I cambiamenti climatici, la perdita di biodiversità (anche di specie coltivate), l'impoverimento del suolo, la disponibilità di acqua dolce e l'acidificazione degli oceani minano la sicurezza alimentare, soprattutto quella delle comunità e degli individui a basso reddito, le cui attività agricole, di pesca e di allevamento dipendono maggiormente dalle condizioni di salute del pianeta. Parliamo di miliardi di persone.

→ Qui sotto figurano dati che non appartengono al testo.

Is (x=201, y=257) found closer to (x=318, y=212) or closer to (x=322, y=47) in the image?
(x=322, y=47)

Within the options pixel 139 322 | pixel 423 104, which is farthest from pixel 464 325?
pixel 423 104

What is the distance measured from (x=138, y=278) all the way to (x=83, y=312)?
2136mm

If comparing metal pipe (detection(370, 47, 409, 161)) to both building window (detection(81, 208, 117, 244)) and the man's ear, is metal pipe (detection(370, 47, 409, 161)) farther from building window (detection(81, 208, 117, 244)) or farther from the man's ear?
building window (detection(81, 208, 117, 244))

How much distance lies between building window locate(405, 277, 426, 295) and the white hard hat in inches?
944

Impatto delle produzioni alimentari sui cambiamenti climatici
Anche se spesso non ce ne rendiamo conto, gli alimenti di cui ci nutriamo, hanno un costo in termini ambientali. Sono il frutto di una catena che ha inizio con la produzione delle materie prime (fertilizzanti, mangimi per gli animali), passa attraverso i processi produttivi, il packaging, i trasporti, la refrigerazione, la vendita, la gestione domestica, fino allo smaltimento e al riciclaggio dei rifiuti. Il sistema alimentare contribuisce al 19-29% delle emissioni di gas serra totali di origine antropica a livello mondiale. Si tratta di quasi 1/3 delle emissioni, non è un dato trascurabile. La produzione agricola contribuisce all'80% di queste emissioni con differenze sostanziali tra i diversi paesi.

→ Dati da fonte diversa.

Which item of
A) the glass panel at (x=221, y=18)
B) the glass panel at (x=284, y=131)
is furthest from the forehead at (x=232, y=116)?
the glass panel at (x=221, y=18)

Assieme alle necessarie decisioni a livello politico, le nostre scelte alimentari possono avere un impatto notevole sui cambiamenti climatici e sulla nostra salute.
Cosa ne sarebbe della salute umana e di quella dell'ambiente nel 2050 se modificassimo le nostre abitudini alimentari?
Un recente studio condotto all'Università di Oxford prova a dipingere degli scenari.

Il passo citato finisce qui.